The worst offender, though, was National Review. Combining all the elements of anticommunism, Christian homiletics, and ancient Jew-hatred, William F. Buckley’s magazine castigated the Israelis--really, the Jews, those Shylocks of vengeance and memory--for their inability to let bygones be bygones. In one editorial, the magazine wrote:

We are in for a great deal of Eichmann in the weeks ahead….We predict the country will tire of it all, and for perfectly healthy reasons. The Christian Church focuses hard on the crucifixion of Jesus Christ for only one week out of the year. Three months—that is the minimum estimate made by the Israeli Government for the duration of the trial—is too long…. Everyone knows the facts, and has known them for years. There is no more drama or suspense in store for us. …Beyond that there are the luridities…. The counting of corpses, and gas ovens, and kilos of gold wrenched out of dead men’s teeth…. There is under way a studied attempt to cast suspicion upon Germany…. It is all there: bitterness, distrust, the refusal to forgive, the advancement of Communist aims...

From the magazine that asks us to get tough on crime.

Update (2 pm):

On Twitter, Michael Moynihan....

It’s a terrible editorial. And Novick’s book is good. But those ellipses make it worse than it is... ‘advancement of communist aims’ is a response to something in the New Statesman, not trial in general....

At first, we parried over his ‘worse than it is.’ The implication being that restoring the context of the lengthy National Review quote, eliminating those ellipses, would make the editorial seem better than it is. Which I, focusing more on the anti-Semitism, found hard to believe.

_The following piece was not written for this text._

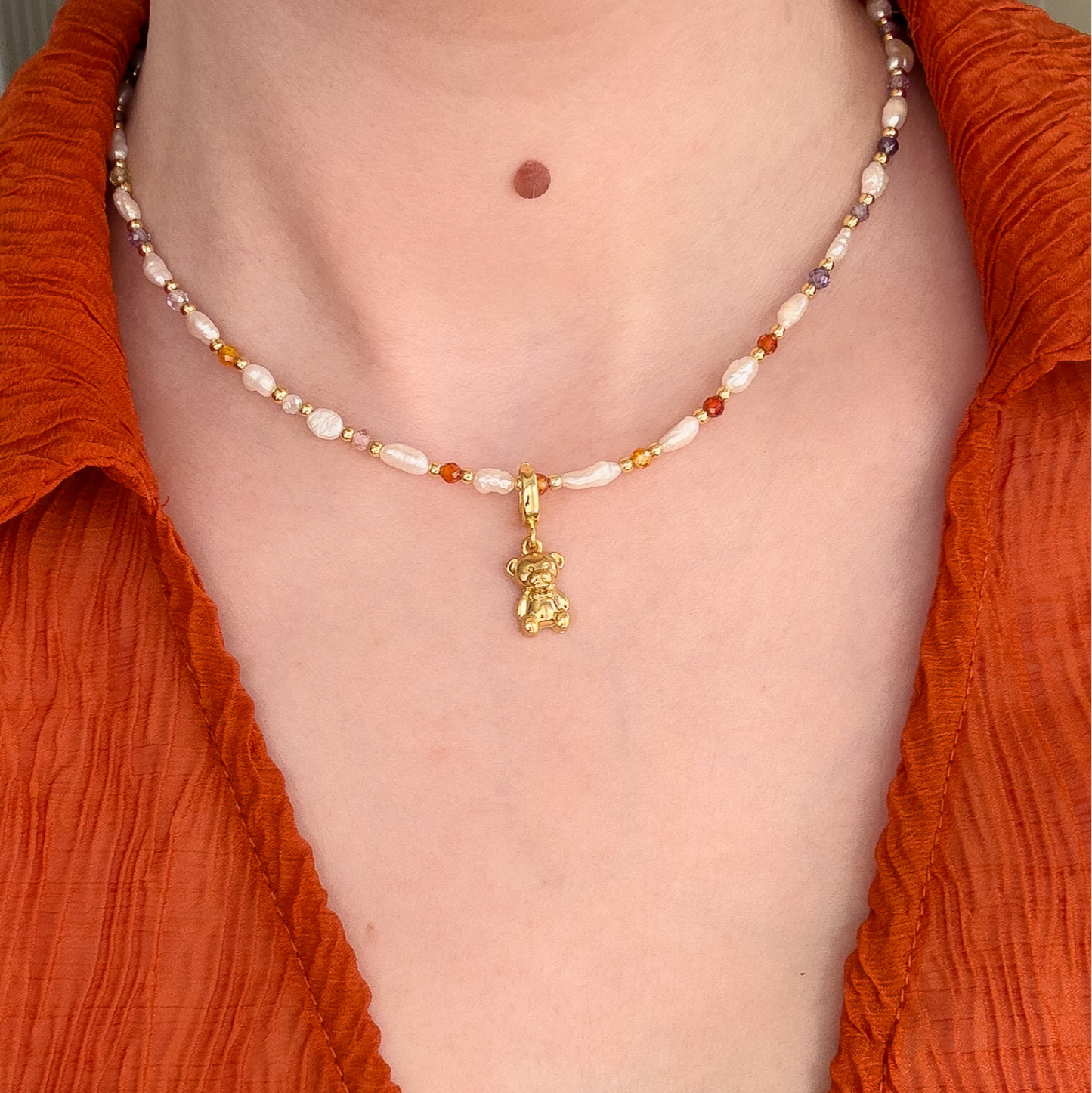 This image displays a charming necklace known as the "Teddy Charm". It features a delicate bead strand in shades of white freshwater pearls and gold pearls, interspersed with small, sparkling rhinestones.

Then Moynihan tweeted this:

What I meant: bowdlerized quote makes it sound like the idea of prosecuting Eichmann was a victory for communism.

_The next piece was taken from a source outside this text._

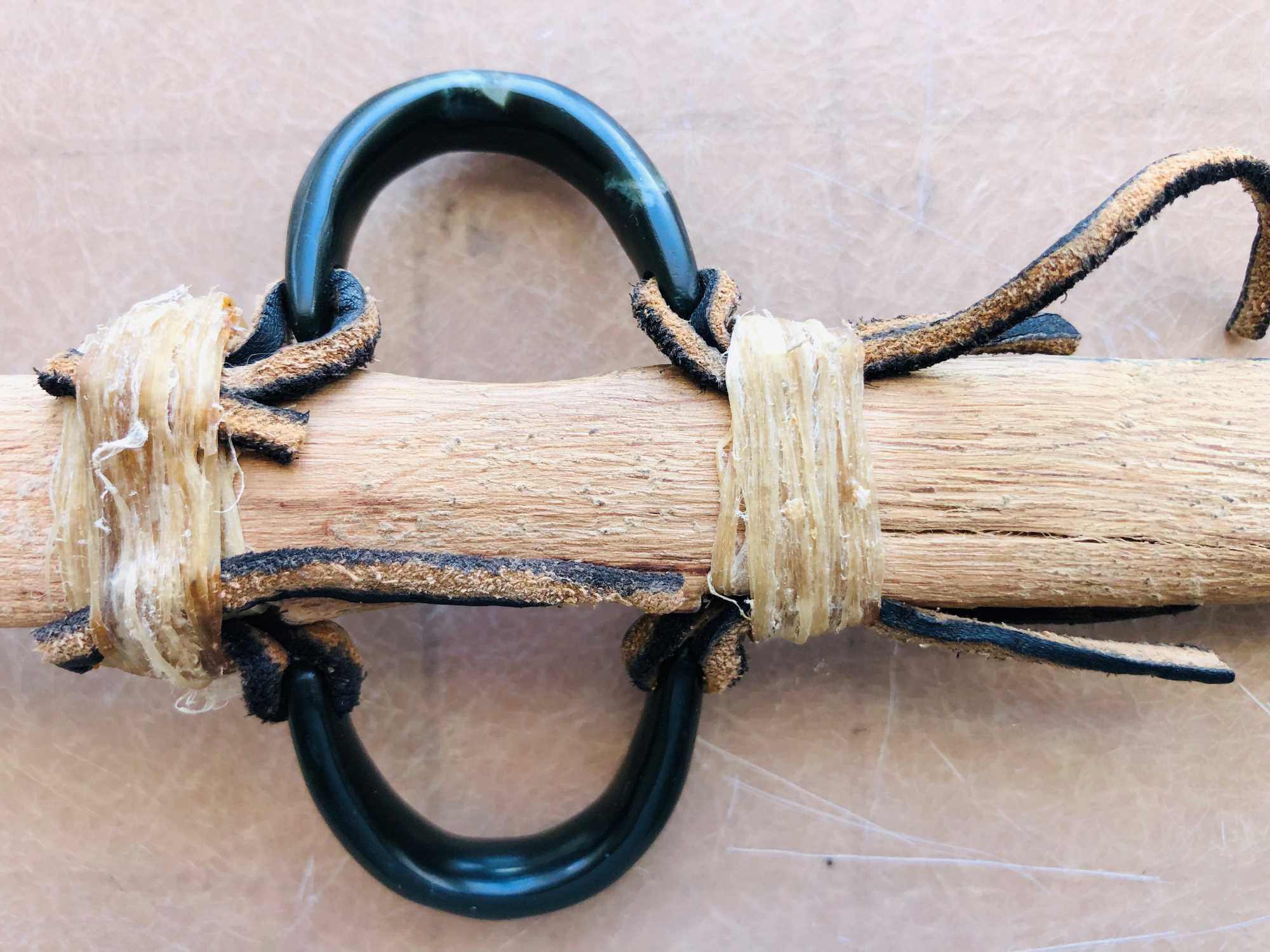 An atlatl loop I made of Wyoming jade using modern tools.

and kindly sent me a pdf of the entire editorial.... In the editorial, National Review asks:

What are some of the political and legal ramifications of the Eichmann trial?

It proceeds to answer that:

there is under way a studied attempt to cast suspicion on Germany

and then offers a lengthy quote--also with many ellipses--from a letter to the New Statesman and Nation, a left-wing magazine in Britain. The letter that the National Review cites makes some rather unremarkable claims about the continuity in government personnel between Nazi and postwar Germany (a well known fact) but dresses that up with some overblown, albeit qualified, rhetoric about the Germans under Adenauer sharing the same aims as the Germans under Hitler. At the conclusion of the quote from that letter, the National Review editorial says this:

That--let us hope--is an extreme statement of the spirit that will be promoted by the trial. But it is all there: bitterness, distrust, the refusal to forgive, the advancement of Communist aims, the cultivation of pacifism...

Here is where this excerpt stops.